What is a Deposition and Why Does it Matter?

A deposition is a highly structured, formal legal proceeding involving a case in litigation. A deposition occurs when one side demands that a person on the other side of the case—or an independent witness to events– appear to answer questions. A deposition is a technical, legal process. The proceeding occurs either at a lawyer’s office or at a court reporters’ office. The format is determined in advance in writing, where a court reporter is present, taking down every spoken word at the deposition on a machine. The witness swears to tell the truth and is asked a series of questions by the opposing lawyer. Sometimes both lawyers ask questions of the witness—for example, an independent witness who had seen, heard or participated in some events. In those depositions, the lawyers take turns asking questions, the lawyer that set the deposition starting the questioning.

If you are going to be deposed, you must be prepared for the experience. If your lawyer is going to take the deposition of the other party or the witness, that lawyer must have enough experience to know what to ask, when to ask it, and what to do when the witness either proves evasive or refuses to answer the question. The best way to be prepared is to have your lawyer ask you in advance all of the questions it is anticipated that the other lawyer will ask you in the deposition. That way, you are not surprised by the questioning and you are able to give your responses proper thought.  If you are not properly prepared, you are more likely to provide confusing or even inaccurate testimony.

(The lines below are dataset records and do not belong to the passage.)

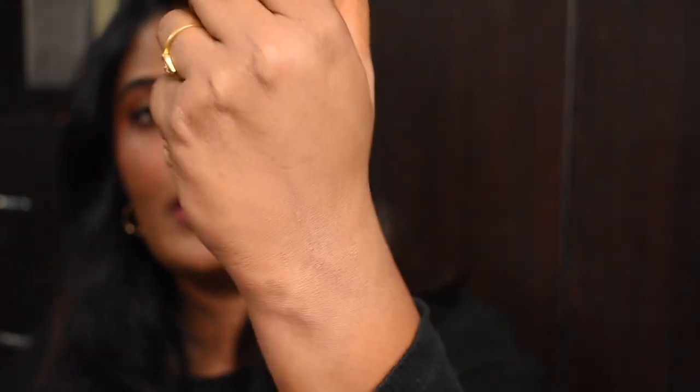When you blend it, it gives this kind of finish — you'll be able to see there's not much difference between my actual skin and post-application of the skin tint. The brand recommends applying it using fingers, so I'm quickly going to take the product and apply it that way.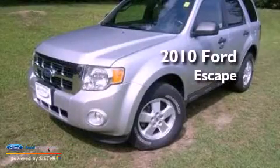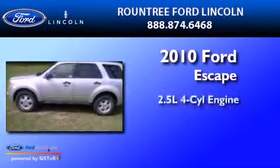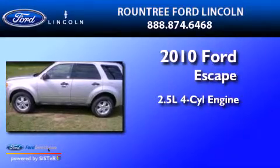This is a 2010 Ford Escape. It features a 2.5-liter four-cylinder engine, a six-speed automatic transmission, and four-wheel drive.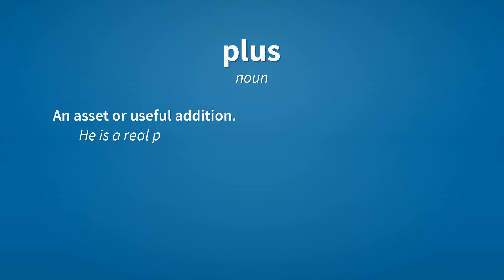Plus. Noun: a positive quantity. Plus — noun: an asset or useful addition. Example: He is a real plus to the team.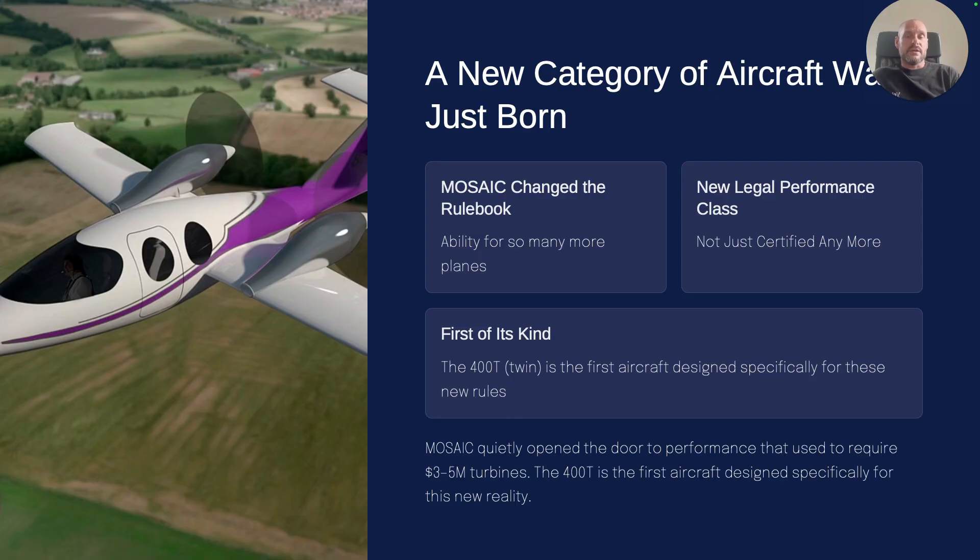If you compare this to other planes like turbines and other twins doing 250–300 knots, or even singles doing 250–300 knots, you're looking at easily millions of dollars. There's just nothing else that touches it or competes with it, and the biggest reason why is because it's two engines.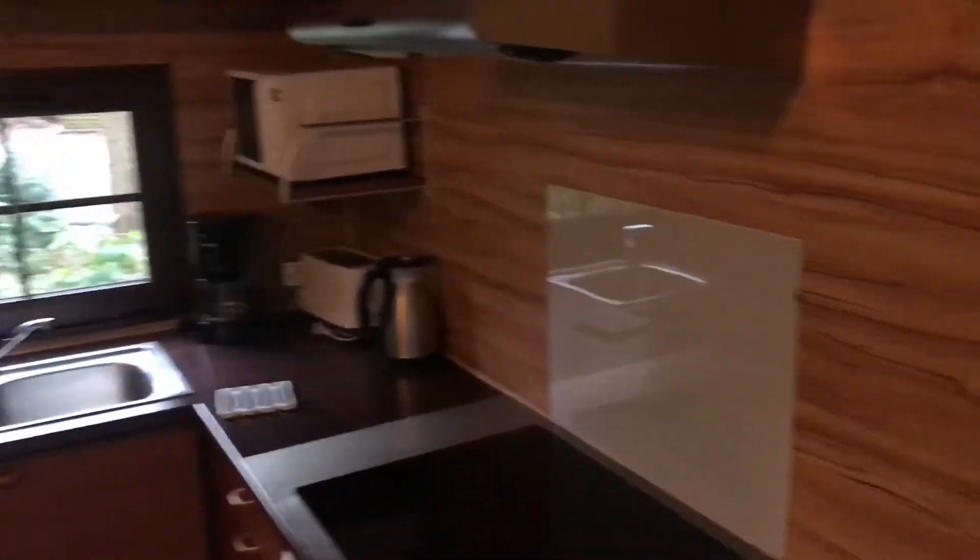Small kitchen. When you get here, you've got to put your key in here — that activates the power. So every time you leave, you've got to turn the power off.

How does your lawyer know to ask you all of the questions that the opposing lawyer may ask? If your lawyer has taken and defended enough depositions, that lawyer will know what questions are likely to come up in the deposition. Your lawyer must have enough experience with depositions to anticipate, with a high probability, which questions may be asked.

If your lawyer is going to depose the other side or a witness, your lawyer must know what to ask, when to ask it and how to address witnesses that either refuse to answer the question or offer evasive answers. Although depositions involve witnesses who are sworn to tell the truth in answering questions, there is no guidance offered on how to ask the question, what to ask or how tactically to conduct the deposition.

A well-trained lawyer, who has taken and defended hundreds of depositions over many years or even decades, through that experience should know tactically how to conduct the deposition. The experienced lawyer knows which questions to ask, how to elicit the information needed and how to tackle witnesses that provide evasive, or even refuse to answer questions. If the lawyer lacks experience, the right questions may not even be asked, the necessary evidence may not be discovered and your case may suffer.

If you anticipate that your case will involve depositions, and particularly if much of the evidence is based upon what people saw, heard or said, as opposed to what was written down, ensuring that your lawyer has sufficient experience both taking depositions and defending witnesses in deposition is an important part of your litigation.